Drawing from more than fifty interviews with prominent musicians, artists, scholars, lawyers, and music industry representatives, Copyright Criminals looks at the development of sound collage (also known as sampling). The film explores the complicated impact that copyright law has had on the creative practice of sampling and studies the conflicting opinions artists and others have about appropriation.
“This contest, like our documentary, examines what it means to be creative in an age of digital reproduction,” says Kembrew McLeod, co-director of Copyright Criminals. “Artists have traditionally borrowed from each other and have been directly inspired by the world around them. But what happens when digital technologies allow for very literal quotes to be inserted into new works?”

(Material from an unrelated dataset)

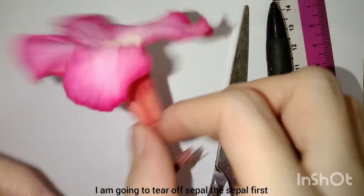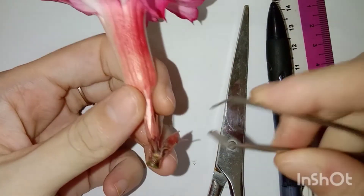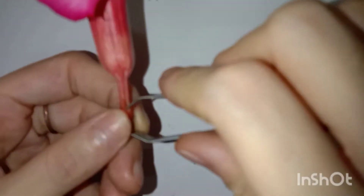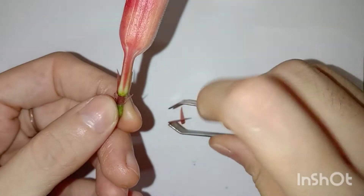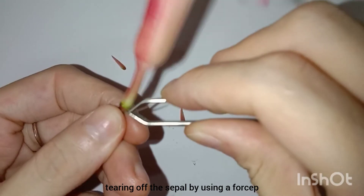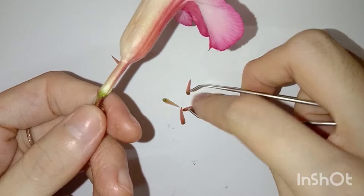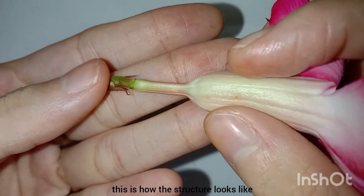And now I will tear off the sepal first, tearing off the sepal by using a faucet. And this is how the structure looks like.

Samples of dialogue by artists like De La Soul, DJ Qbert, and members of Public Enemy, as well as Matmos, Coldcut, and members of Negativland – all taken from interviews conducted for Copyright Criminals – are available online at the popular remix community ccMixter for use as source material to be included in entrants’ songs. The audio snippets are available to the public for free through the use of Creative Commons licensing, which allows for the sharing of and building upon existing creative works. Entries will be judged by McLeod, Franzen, and author/producer Jeff Chang. Contest rules and details are available at ccMixter.
About the judges
Kembrew McLeod is a professor at the University of Iowa and an award-winning independent documentary filmmaker. McLeod has written music criticism for Rolling Stone, the Village Voice, and MOJO; and has authored two books, most recently Freedom of Expression®: Overzealous Copyright Bozos and Other Enemies of Creativity (Doubleday).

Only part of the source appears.